Nueve de Julio festeja por estas horas el título de Daniel Cingolani en el TC 2000. Y un coterráneo del piloto, el periodista Guillermo Blanco, que siguió toda su campaña, pinta de esta manera al Muñeco, en exclusiva para los lectores de Líbero.

Por Guillermo Blanco (*)

Para Daniel Cingolani,
un deportista cabal.
Del respeto hizo un rosal
y sufrió más de una espina.
Lleva la estirpe genuina
de un pueblo que lo acompaña.
Desde chico se dio maña
para acelerar a fondo.
Por eso caló tan hondo
y logró más de una hazaña.

Fue un “Cacho” grande de Nueve de Julio el que ayudó a que ese berretín juvenil del karting de su hijo Daniel, con el tiempo, se transformara en algo más profundo. Antes de recibir con una injusta premura el irremediable banderazo final que la carrera de la vida le tiene asignado a cada uno junto al nombre y apellido, Juan Atilio Cingolani (h), aquel hombre que había pasado la mayor parte de su existencia levantando cajones de bebidas y cimentando a pulmón una empresa tan digna como respetada, pudo comprobar que dejaba un hijo con la suficiente fuerza como para seguir regando sus propias utopías.

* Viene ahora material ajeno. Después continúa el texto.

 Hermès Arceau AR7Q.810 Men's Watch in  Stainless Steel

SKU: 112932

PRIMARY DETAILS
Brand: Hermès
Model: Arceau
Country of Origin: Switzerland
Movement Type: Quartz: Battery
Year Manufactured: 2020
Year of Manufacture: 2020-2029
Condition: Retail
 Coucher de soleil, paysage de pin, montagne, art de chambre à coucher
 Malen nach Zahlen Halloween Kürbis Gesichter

Y otro empujón fundamental para el protagonista de estas líneas residió en el soplido indispensable que, cual viento Pampero, le brindó al unísono esa emprendedora comunidad del oeste bonaerense. Ya lo había incorporado a su costado izquierdo desde que era un pibe que solidificaba su amistad con varios de los que aún lo siguen y gozan del rebosante título obtenido en la categoría más evolucionada del automovilismo sudamericano.

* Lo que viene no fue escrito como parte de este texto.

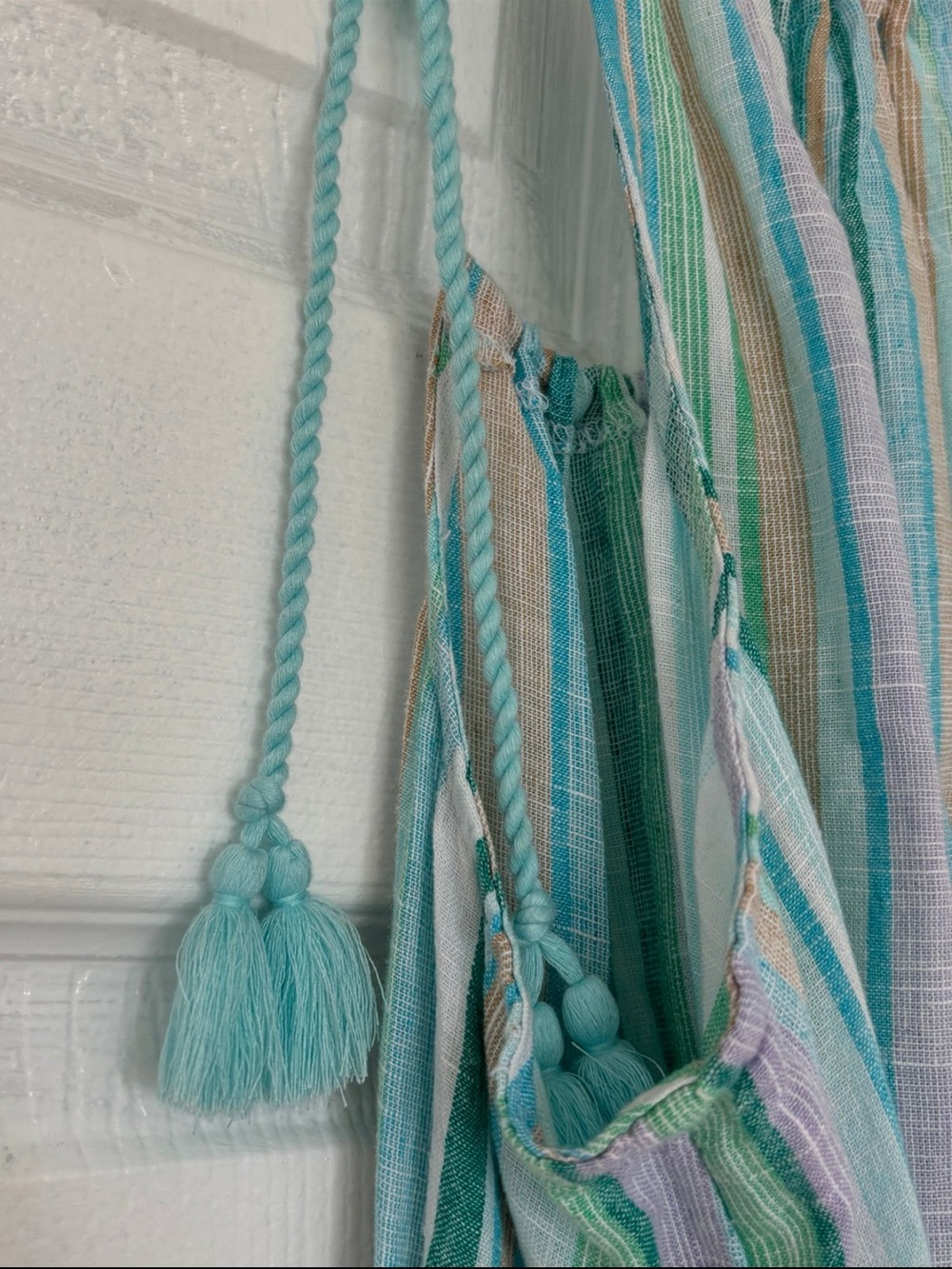 Striped Mint & White Tie-Shoulder Maxi Dress size L - Picture 8 of 13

En este momento de festejo desmedido por las calles de esa ciudad de 40.000 habitantes, un clamor suena a orden: que el “Gordo” Cuniolo deje de llorar y diga algo. Claro que no podrá, pero el ahogo no le impedirá pensar en aquellos primeros pasos del amigo del alma en la Fórmula Renault, donde ganó por primera vez en Balcarce, ni aquel salto inmenso hacia la Fórmula 3 Sudamericana, donde asombró en el equipo uruguayo GEMO, ni su posibilidad de anclar en el equipo inglés Reynard, que se frustró porque el apoyo político del oficialismo de entonces (Secretaría de Deportes Fernando Galmarini mediante) fue para Gabriel Furlán. Después llegó la cupé Sierra avalada por las mortadelas Paladini, y el equipo Renault junto al mercedino Etchegaray...

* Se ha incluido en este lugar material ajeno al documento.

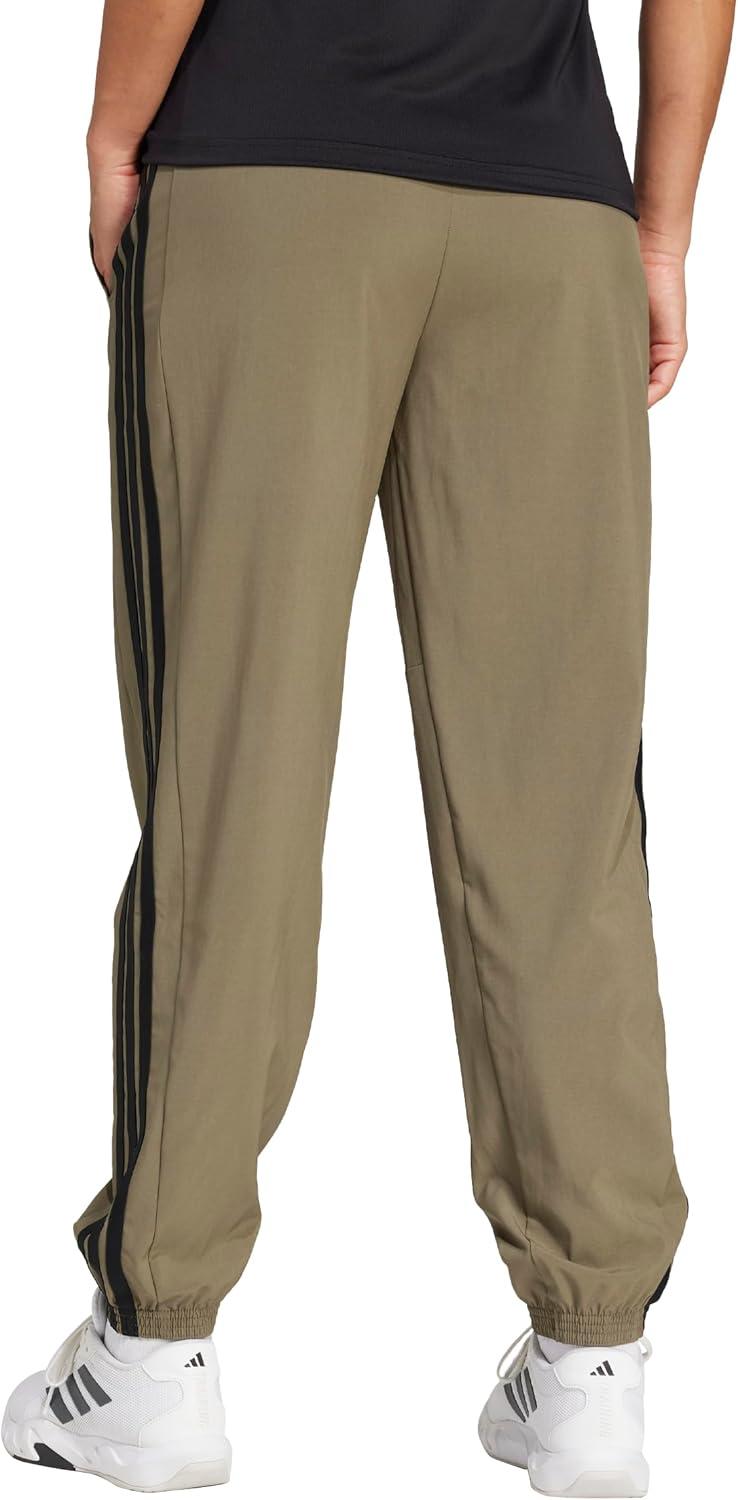 image:imageadidas Womens Train Essentials 3Stripes Woven PantsOlive StrataBlack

Acaso Cuniolo y los demás, antes de la aparición de Daniel, inflaran el pecho con tantos títulos de “Yoyo” Maldonado, ese rey absoluto en autos sin techo que también escribió parte de la historia grande del TC 2000, arriba y debajo de los autos de carrera, un fenómeno que colocaba a Nueve de Julio en letras de imprenta, domingo tras domingo, triunfo tras triunfo.
Tanto era así que más de un titulero se molestaba ante un nuevo triunfo del múltiple campeón nuevejuliense, porque el apellido tenía demasiadas letras y eso atentaba contra la posibilidad de escribir algo más que el repetido “Ganó Guillermo Maldonado”. Y era aburrido, hasta que se popularizó el Yoyo y se solucionó el inconveniente sintético y sintáctico.
El tema de la emulación fue imprescindible para que Daniel Cingolani llegara a ser lo que es; esto, escrito antes de que Paraná pasara a ser en su vida algo más que el nombre de una ciudad a la que alguna vez pudo cantarle envuelta en una zamba cuando niño junto a su tía Cristina, en la casa de los abuelos don Atilio y María. Ese calor popular que Daniel obtuvo en forma espontanea, acaso por pertenecer a una familia de laburantes del músculo, con tanta historia de cajón de Crush y Quilmes, no nació de la nada. Y uno puede animarse a afirmar que mucho tuvieron quever los que en esa ciudad, desde mucho tiempo antes que él, fueron escribiendo las primeras páginas de la historia automovilística acaso sin saberlo.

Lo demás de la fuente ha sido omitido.